# [PROBLEM]
Your answer must be a word-for-word copy of the listing below, minus its pictures.

# [DATASET CONTENT]
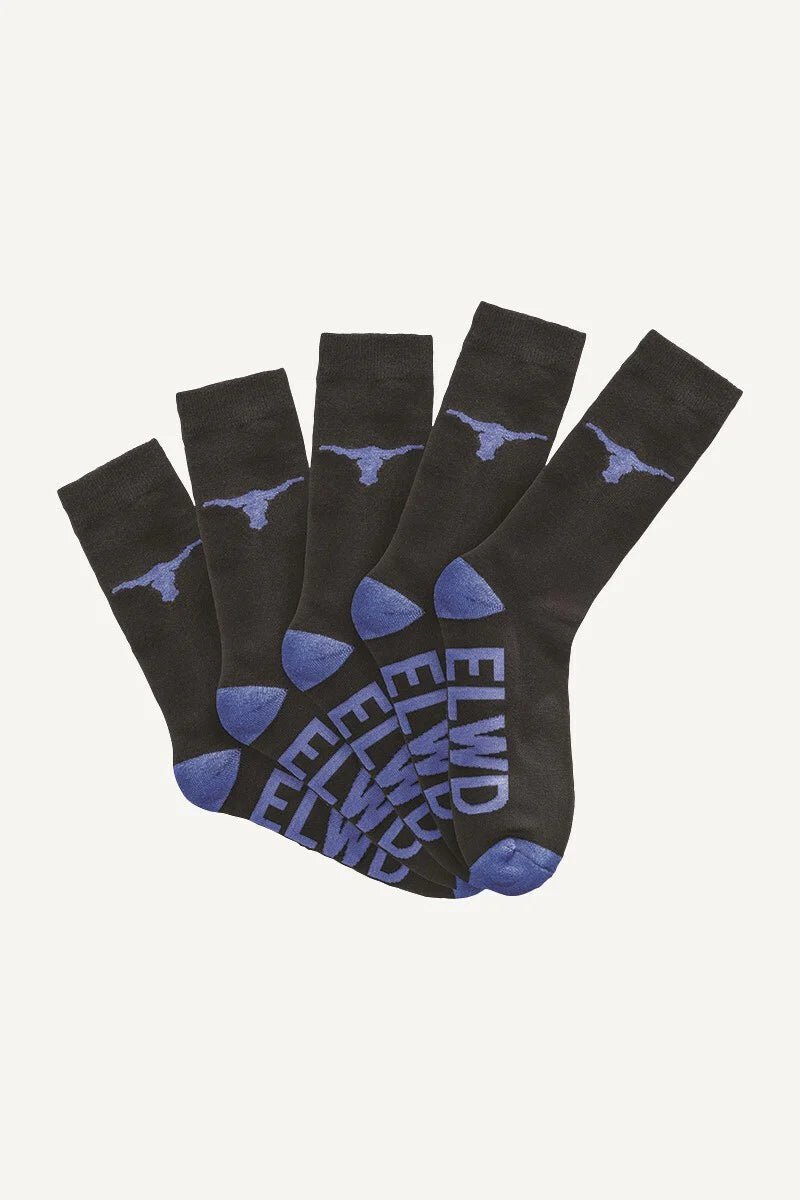 Elwood Mens Crew Socks 5 Pack Work Cotton Black Blue Cotton Blend EWD901 - Land to Coast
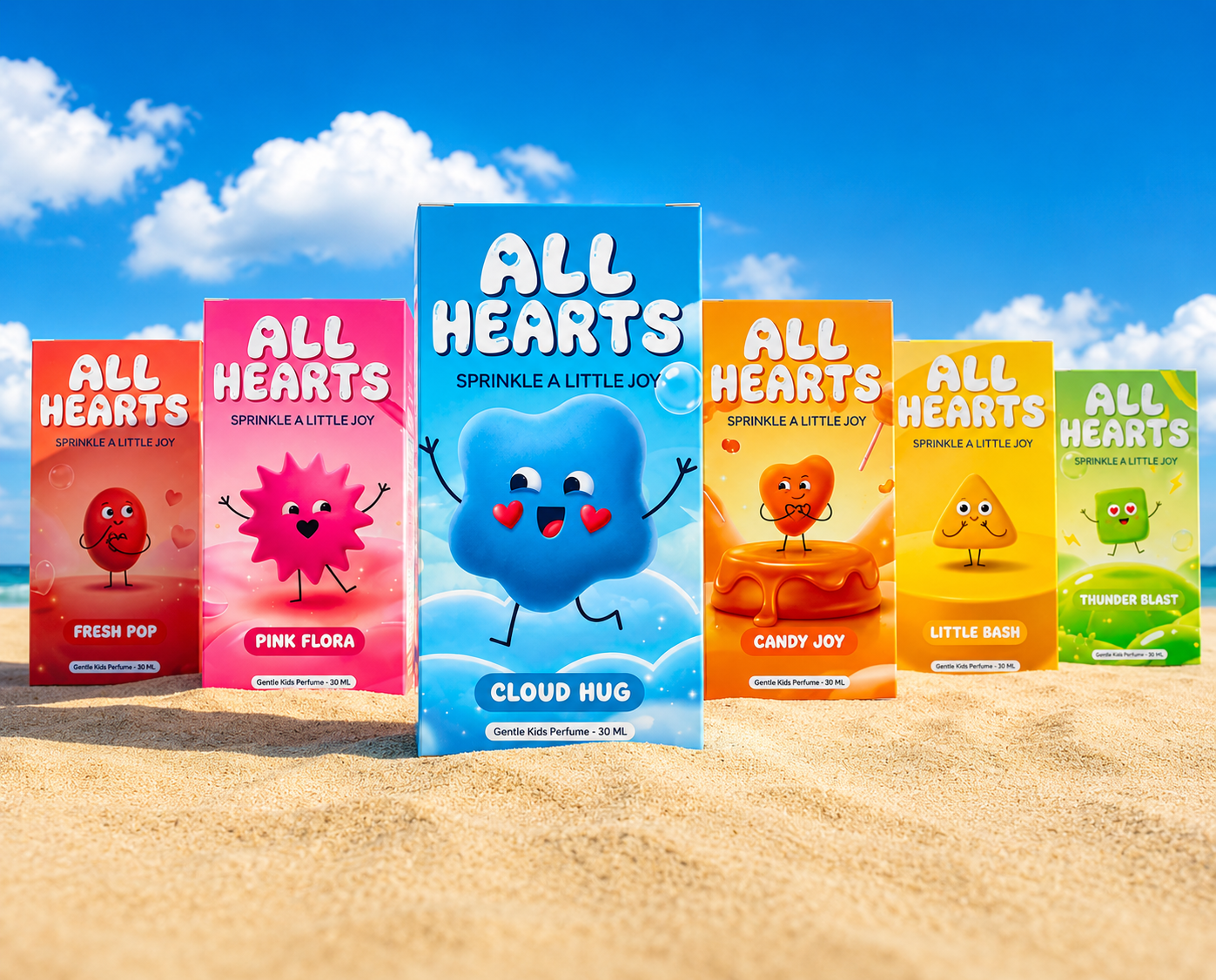 Bright beach product showcase for kids
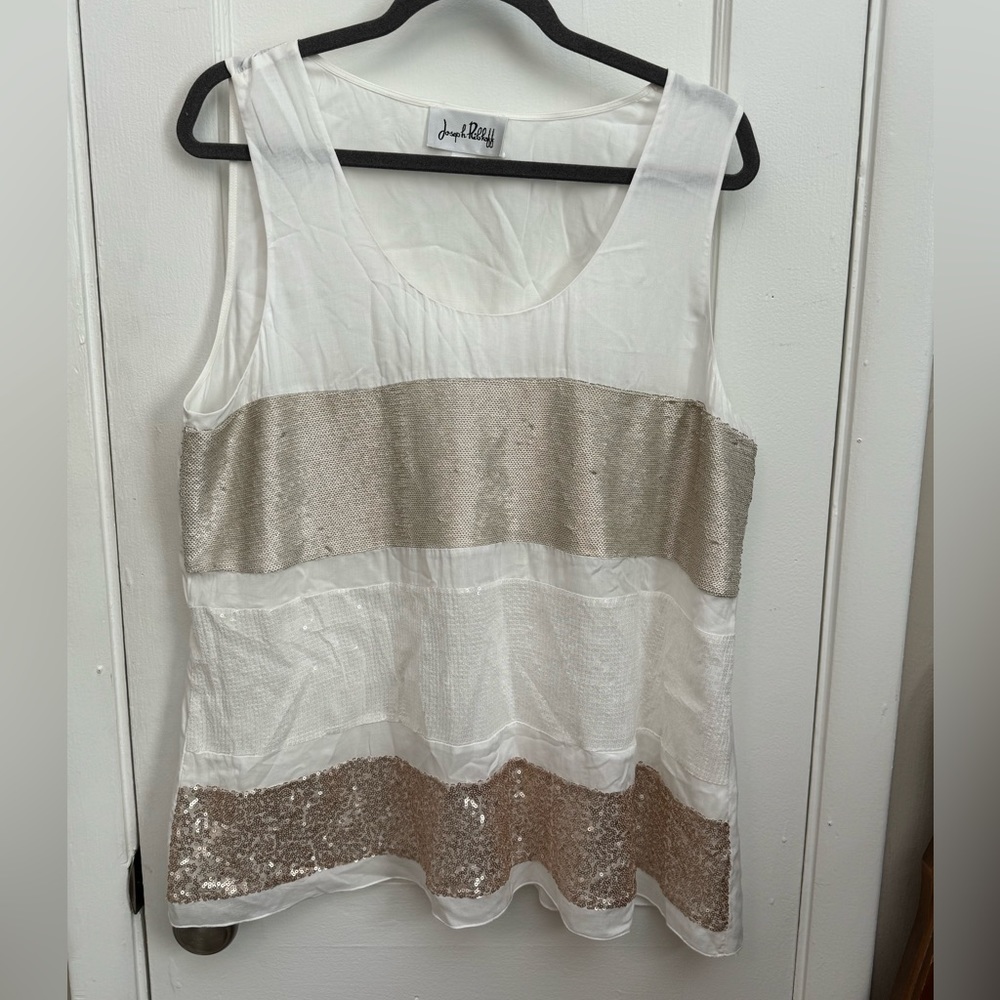 Joseph Ribkoff White Sequin Stripe Tank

# [SOLUTION TO THE PROBLEM]
 Elwood Mens Crew Socks 5 Pack Work Cotton Black Blue Cotton Blend EWD901 - Land to Coast
 Bright beach product showcase for kids
 Joseph Ribkoff White Sequin Stripe Tank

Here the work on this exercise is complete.